The woman perked up, spotting Zero lurking quietly near Ninestein's boots. "Yeah, we did actually! She asked if she could use our plug sockets to charge her drone while it downloaded its data. Looked a bit like your one; are you doing the same survey?"

"Yes, we are." Ninestein crossed his fingers that it wouldn't come back and bite him when she asked him for more details of the 'survey'. "But we lost contact. I think her drone is damaged. Did you see when she left?"

The barista looked over into an empty corner. "No. But it can't have been that long. She bought a brownie not that long ago." She cross-referenced the record on the till. "Oh, no, wait. It was about an hour ago. Sorry."

Ninestein swallowed the sigh. "I notice you have CCTV." He pointed up at the camera. "Could I take a look?"

"Uh." The woman eyed his uniform uneasily but apparently decided it looked un-police-y enough that she could plead ignorance for sharing without a warrant. "Sure, I guess? I don't know if she was quite in range though. It only really covers the till."

As it happened, their runaway zeroid and his human helper were just visible, right in the top corner; the woman sat facing out of the window, propped against the wall and possibly dozing, with 101 on the opposite side of the table, plugged into the laptop.

A lot of nothing happened for a good couple of hours; Ninestein sped up the video so he could get through the footage in just a few minutes. The woman sipped on a cup of tea (which must have been revoltingly cold, by that point), and their zeroid sat motionless, a long charging cable spooling out through one of his top hatches.

Then 101 suddenly moved. It looked like he'd possibly just discovered something, because an instant later, the woman put her cup to one side, and leaned closer over the table towards him. Her mouth moved. Ninestein wondered what they were talking about.

They settled back down for a while, with the aforementioned brownie, although 101 continued to fidget. After about twenty minutes, the woman packed the laptop away in her bag, mimed helping 101 to the floor, and quietly the pair slipped away and out of the door, and vanished.

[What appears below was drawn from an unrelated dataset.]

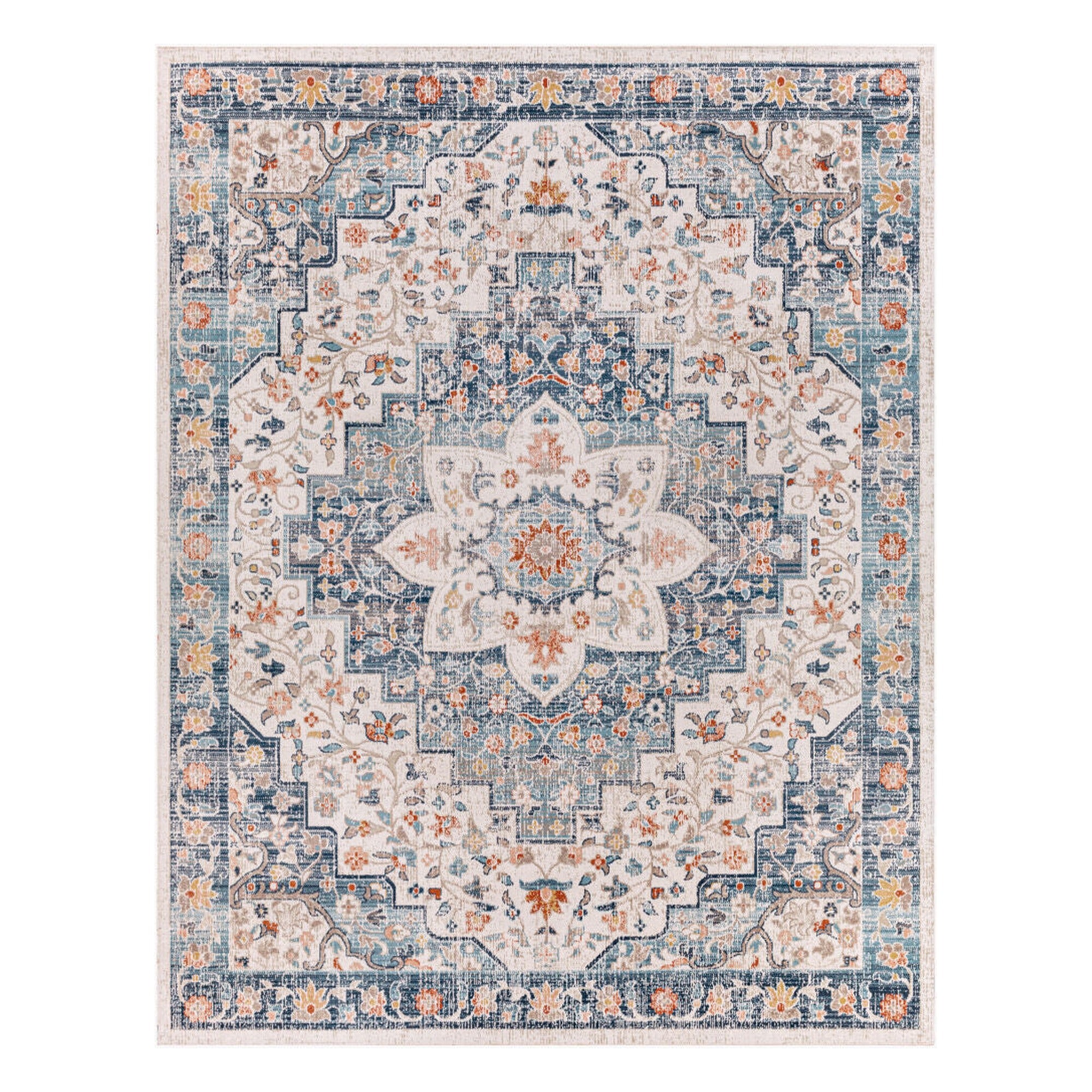 Huntington Beach Cream/Tan Machine Woven Rug HTB-2322 - 5'3" x 7'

Ninestein compared the timestamp on the footage to his watch. Forty-five minutes difference. They'd missed them by all of forty five flaming minutes. He swallowed an expletive.

"Any use?" the barista asked, making him jump.

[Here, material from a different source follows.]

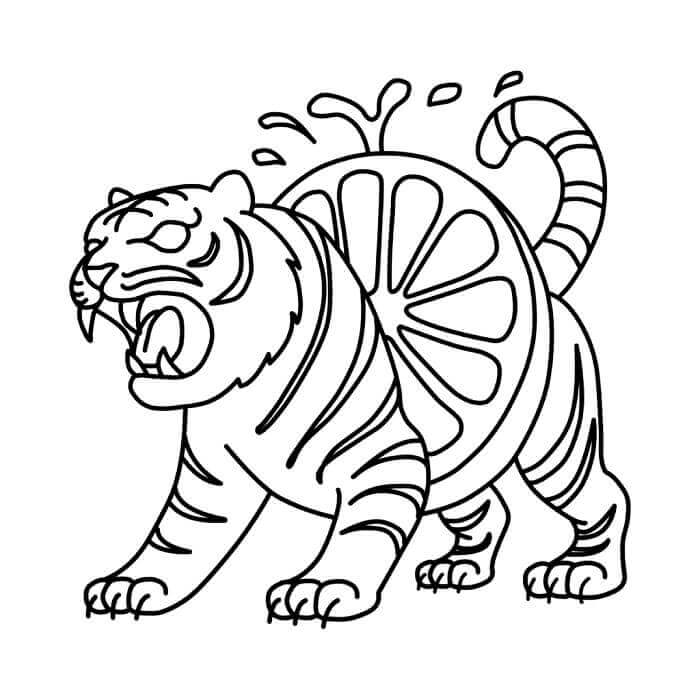 Tigroligre Frutonni Italian Brainrot ausmalbilder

"A little," Ninestein lied. "Did you happen to see which way she went?"

Preparing a fancy latte and mid-pour, the barista shook her head and shrugged. "Sorry. I had customers."

"Thanks for your help anyway." Ninestein emerged from behind the counter and headed for the door. "Come on, Zero."

Without realising it, Ninestein hesitated on the doorstep, with Zero by his boots, in exactly the same spot that their runaway and his helper had stood, weighing up their chances.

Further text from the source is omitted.